▶ Required action
Leave out the pictures and restate the rest of the data exactly.

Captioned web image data

▼▼▼

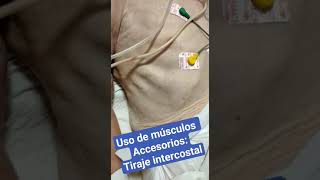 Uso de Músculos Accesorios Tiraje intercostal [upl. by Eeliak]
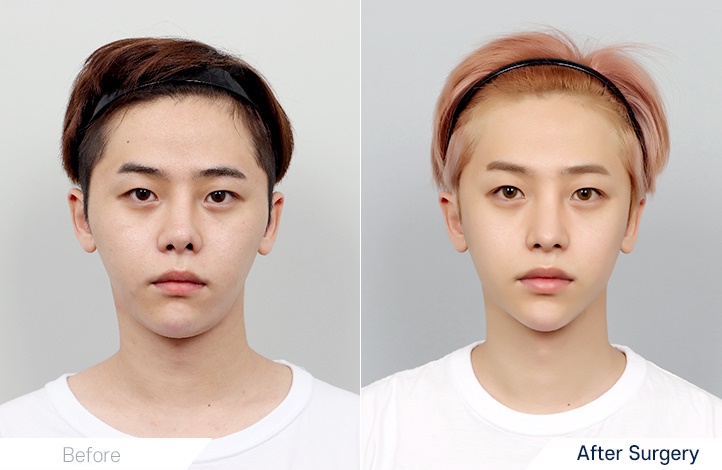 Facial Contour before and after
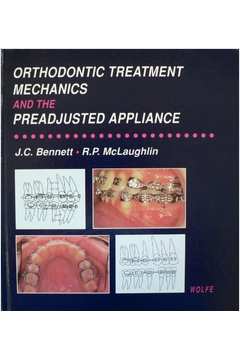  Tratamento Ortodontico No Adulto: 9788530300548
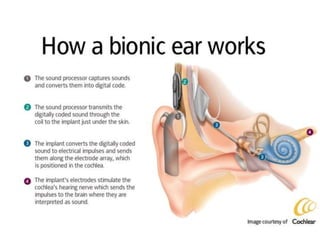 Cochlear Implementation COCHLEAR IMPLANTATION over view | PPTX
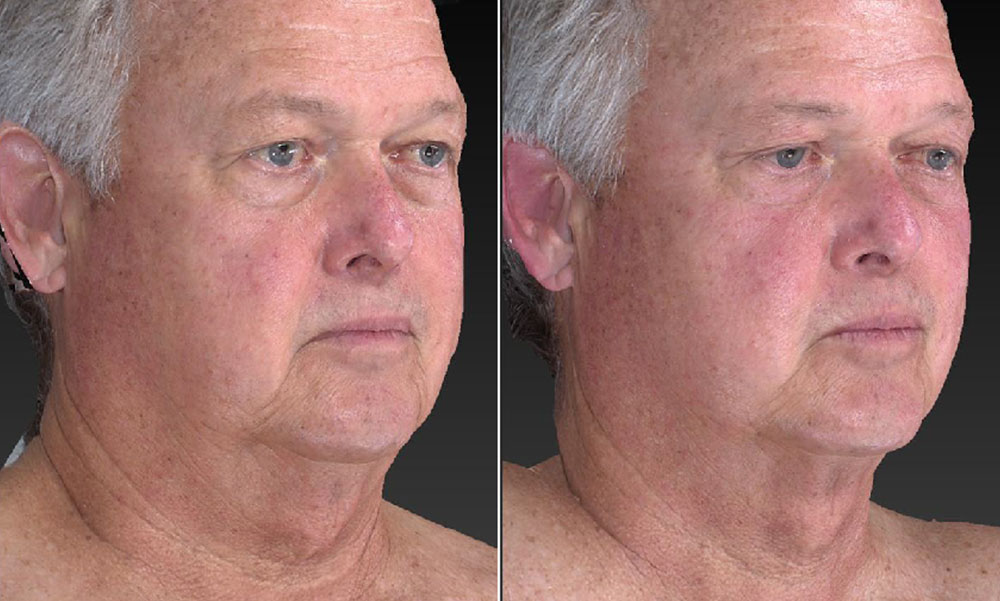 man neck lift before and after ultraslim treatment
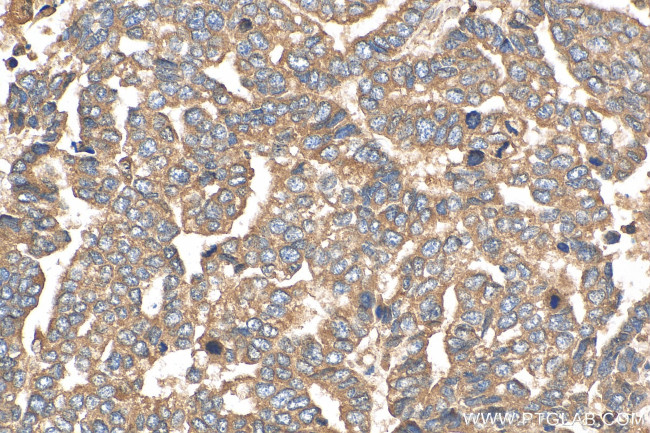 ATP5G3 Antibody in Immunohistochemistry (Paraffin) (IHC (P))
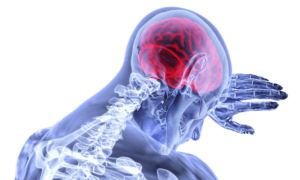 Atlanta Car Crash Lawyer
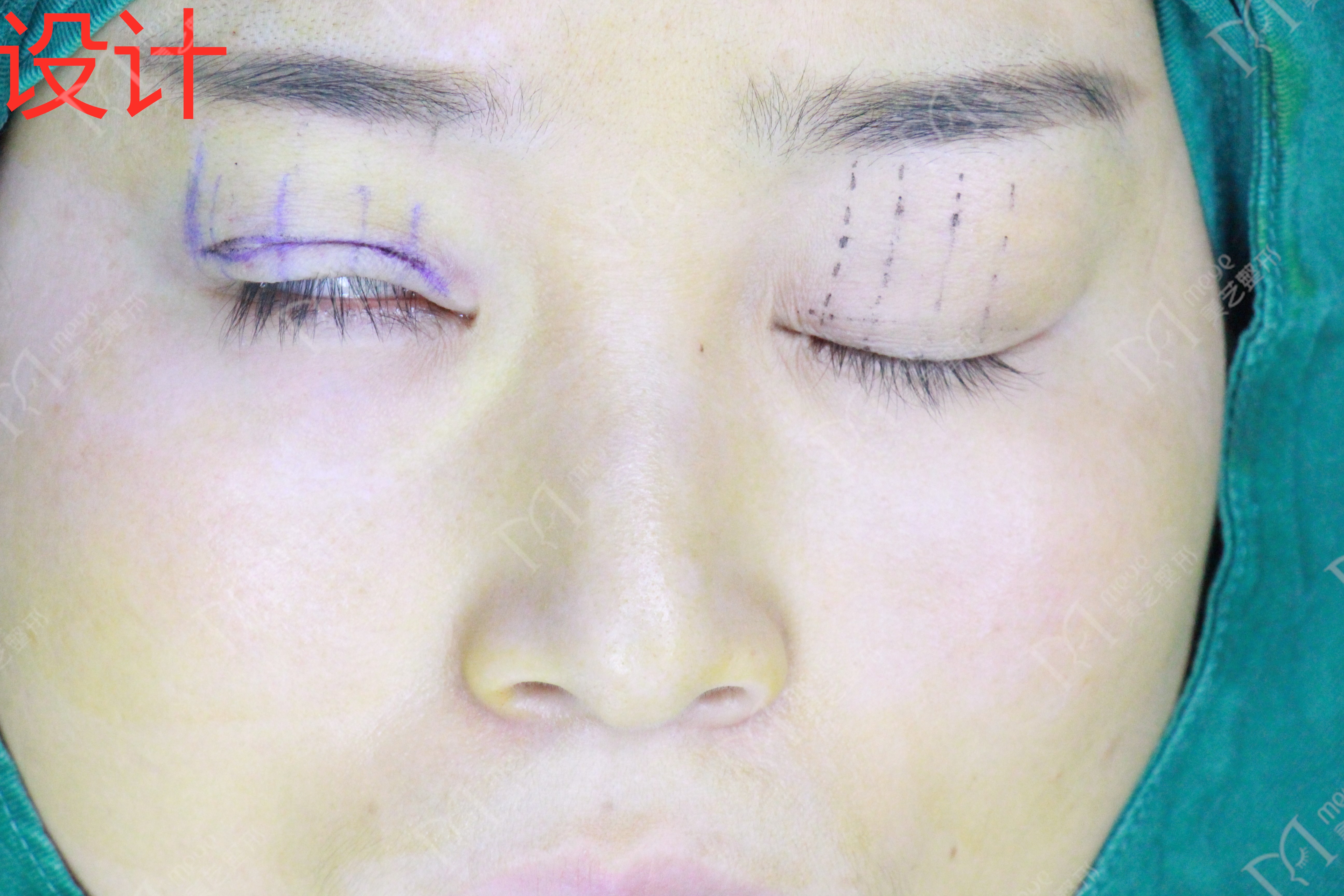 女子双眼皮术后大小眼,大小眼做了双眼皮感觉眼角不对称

▲▲▲

▶ Exercise solution
 Uso de Músculos Accesorios Tiraje intercostal [upl. by Eeliak]
 Facial Contour before and after
  Tratamento Ortodontico No Adulto: 9788530300548
 Cochlear Implementation COCHLEAR IMPLANTATION over view | PPTX
 man neck lift before and after ultraslim treatment
 ATP5G3 Antibody in Immunohistochemistry (Paraffin) (IHC (P))
 Atlanta Car Crash Lawyer
 女子双眼皮术后大小眼,大小眼做了双眼皮感觉眼角不对称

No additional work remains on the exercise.